CD Review: Love Will Come – The Music of Vince Guaraldi Vol. 2
George Winston and Vince Guaraldi. Two musicians who evoke wildly different memories for me. Guaraldi is famous for his compositions for the classic Peanuts TV specials, especially A Charlie Brown Christmas, a seminal part of my childhood. Jazz pianist Winston was part of the stable at Windham Hill Records in the late 1970s and 80s, a label whose folk and New Age sounds immediately conjure simpler days as I made my first forays into a musical career in college. In 1996, Winston recorded the first volume of Guaraldi tunes, Linus and Lucy. A second solo piano volume of signature Guaraldi tunes, Love Will Come, has recently been released on RCA Victor.
When I think of Guaraldi’s music, I, of course, immediately jump to the jazzy, upbeat tunes he provided for the Peanuts specials. And there are plenty of those jazz-inflected tunes scattered throughout the album. Fans of the TV specials will recognize snippets of familiar melodies, though no one track seems to be a direct quote.
Woodstock’s familiar tune is there, as well as “Time for Love” (an interpretation of the main theme from THERE’S NO TIME FOR LOVE, CHARLIE BROWN), “It Was a short Summer, Charlie Brown,” and “You’re Elected, Charlie Brown.” But “Air Music” (also known as “Surfin’ Snoopy”), which was used in three Peanuts specials, will probably be the most familiar tune.
In addition to the Peanuts tunes, the album contains lyrical jazz, Latin-tinged songs, and bebop. But it is the quiet moments that are particularly lovely. Tracks like “Love Will Come,” “Room At the Bottom,” and “Rain, Rain Go Away” show us the poignant beating of Guaraldi’s heart beneath his inimitable talent.
The liner notes provides a bio of Guaraldi and reminiscences by Winston. The detailed notes by Jay Junker and Winston on each track, including the history of the tunes and the musicals keys, are most impressive.

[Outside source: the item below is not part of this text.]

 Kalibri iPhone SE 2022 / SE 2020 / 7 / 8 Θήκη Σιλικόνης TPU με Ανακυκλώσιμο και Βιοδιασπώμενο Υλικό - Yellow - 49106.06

Like Winston’s work at Windham Hill, the album is a pleasure to listen to. While the piano playing sounds a little heavy-handed at times, that may be a product of the engineering. I personally would have dialed back the bass lines a bit, though the bass does give the recording some depth. But those are minor quibbles. Winston has obvious affection for Guaraldi’s music and it shows in his performances.
The question becomes, with recordings of Guaraldi playing his own tunes out there, why purchase Winston’s interpretations? As Winston says in the liner notes, “I want to do what I can to help keep [Guaraldi’s] legacy alive.” Sounds like a pretty good reason to me.